25 maja 2025 r. o godz. 19:00
***
Persona K2
reż. Magdalena Łazarkiewicz
Według Carla Gustawa Junga „persona” to nasze drugie „ja” stworzone dla innych po to, by zaspokoić ich oczekiwania. Ukrywa się za nią „cień” – nasze mroczne pokusy i złe skłonności. Tytułowe ‘K2’ symbolizuje dwie kobiety: matkę i córkę, których relacja wykracza poza granice realizmu. W spektaklu Aktorki uosabiają – a więc PERSONIFIKUJĄ – postacie MATKI I CÓRKI, oparte na jungowskim pojęciu PERSONY i jej CIENIA.
Sztuka czerpie inspiracje z przepełnionych emocjonalnymi pejzażami filmów Ingmara Bergmana, takich jak „Persona” i „Jesienna sonata”, tworząc nowe, pełne napięcia interpretacje.
Twórczynie spektaklu próbują poczuć i zrozumieć, jak figura MATKI – królowej, matki władczej, matki dominującej i matki obojętnej może przekształcić się w figurę MATKI współ-odczuwającej, przekraczającej granice swojego egoizmu.
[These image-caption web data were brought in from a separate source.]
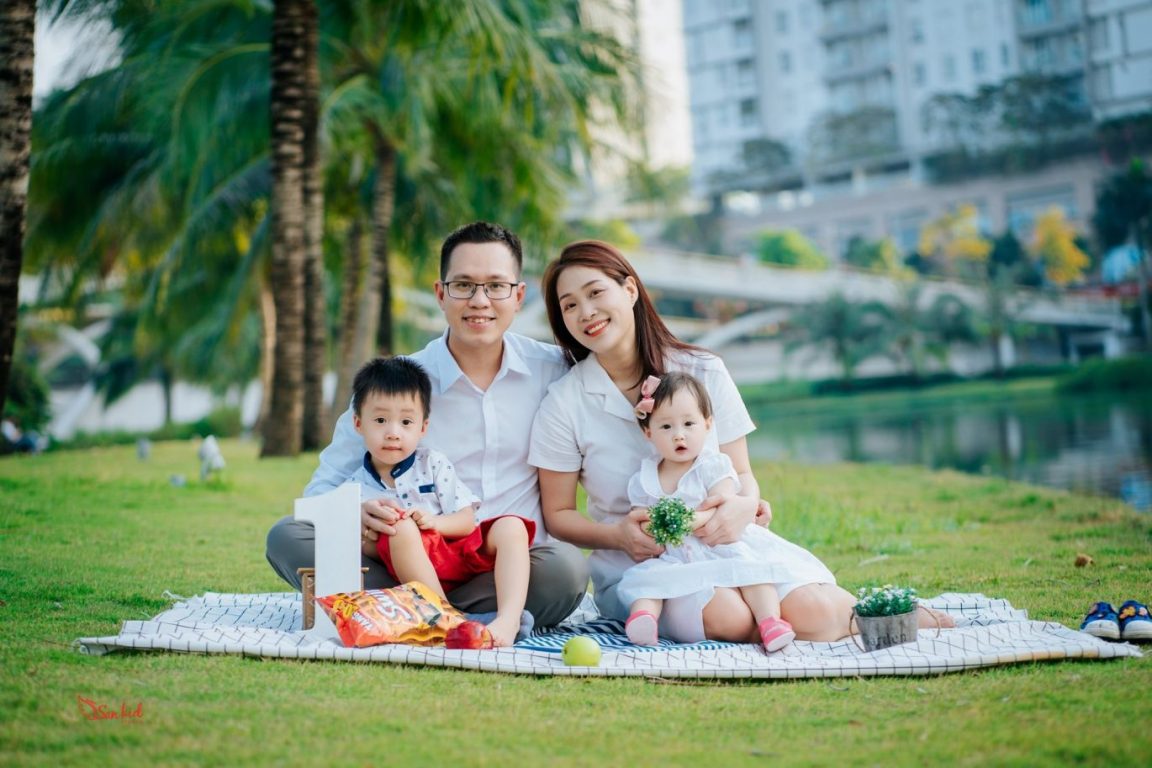 Chụp ảnh gia đình ngoài trời, picnic trên bãi cỏ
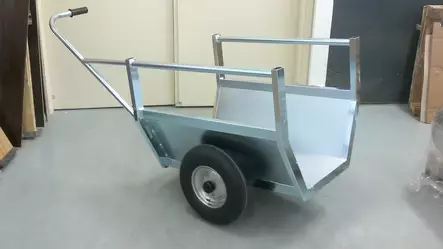 Rengastalo Putkikärry RT 310 – Kotimainen, 400 kg, Isot Ilmakumipyörät, 10v Takuu - Erikoisvaunut - 93101421 - 2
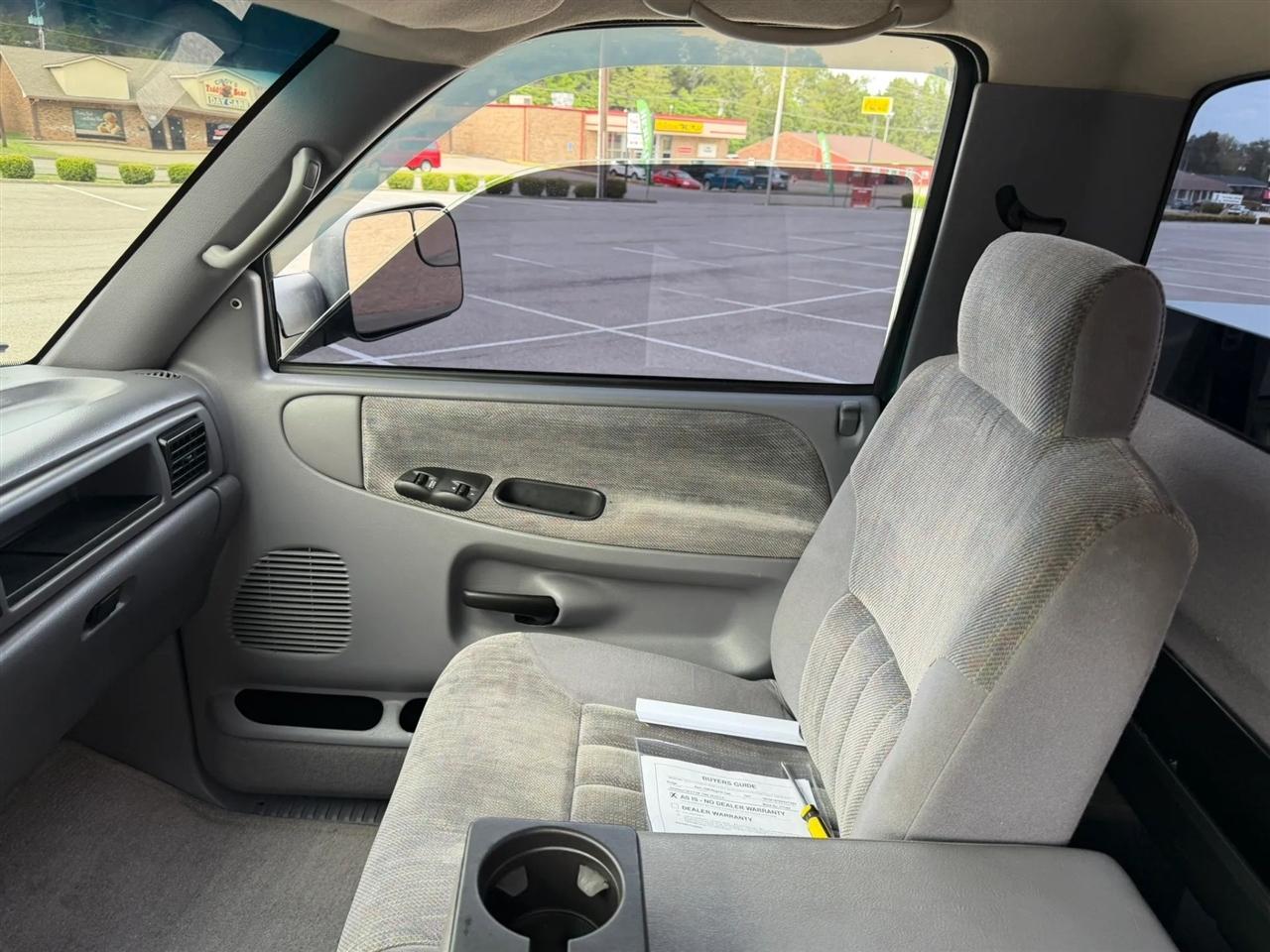 Dodge Ram 1500 Reg Cab 119" WB 4WD 1997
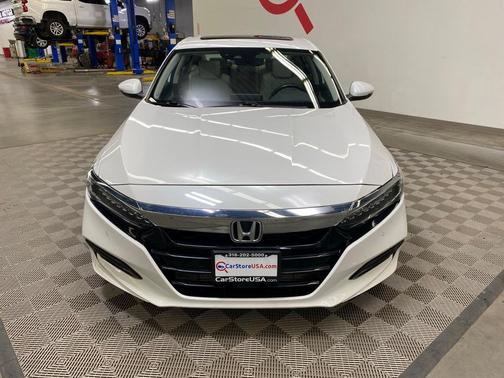 2019 Honda Accord Touring 2.0T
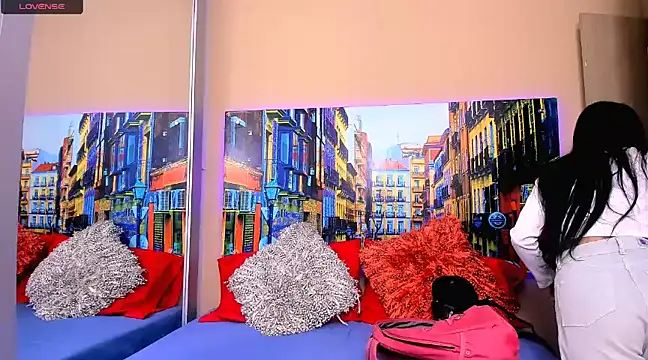 CristalLoren online show from February 11, 12:27 pm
Czy przy takiej matce można rozwinąć skrzydła? Co musi się wydarzyć, żeby córka odzyskała poczucie własnej wartości? Czy w ogóle możliwe jest przebaczenie na linii MATKA-CÓRKA? Czy po życiu w krainie lodu można zdobyć się na ciepły gest, który może przynieść uczucie katharsis, oczyszczenia i zadośćuczynienia? Jaka siła jest w stanie sprawić, by w tym skomplikowanym związku oplecionym pępowiną, w którym miłość miesza się z nienawiścią, a wzajemne odpychanie z przyciąganiem, odnaleźć prawdziwą bliskość i pojednanie? Czy to jest w ogóle możliwe – zarówno w przestrzeni teatru, jak i w życiu?
30 maja 2025 r. o godz. 19:00
***
Dzieci z dworca ZOO
reż. Sebastian Oberc
„Czułam się jak we wspaniałej, nowej rodzinie. Nie mówiłam dużo, ale miałam, wiedziałam, że mogłabym z nimi rozmawiać o wszystkim. Heroina zrobiła z nas rodzeństwo. Wszyscy byliśmy równi. Potrafiłabym zdradzić im najskrytsze myśli. Czułam się szczęśliwa jak nigdy dotąd. Spaliśmy w jednym łóżku. Nikt mnie nawet nie dotknął. Byliśmy przecież rodzeństwem, heroinowym rodzeństwem”.
Świat może być dobry, tak mówią, tak jest nauczane. Do świata trzeba się przystosować, grać według jego reguł. To też częste. Jednak nie wszyscy potrafią. Nie każdy jest w stanie się przystosować, nie każdy potrafi znaleźć jakąkolwiek nić porozumienia ze światem, z ludźmi, z samym sobą. Nie wszyscy mają wystarczająco siły, nadziei. Niektórzy wszystko widzą poprzez ciemne okulary. Takie są dzieci z dworca ZOO. Pragną uciec, pragną bliskości, światła, co często sprawia, że parzą się albo płoną. Świat może być dobry. Kiedy się dobrze przyćpa.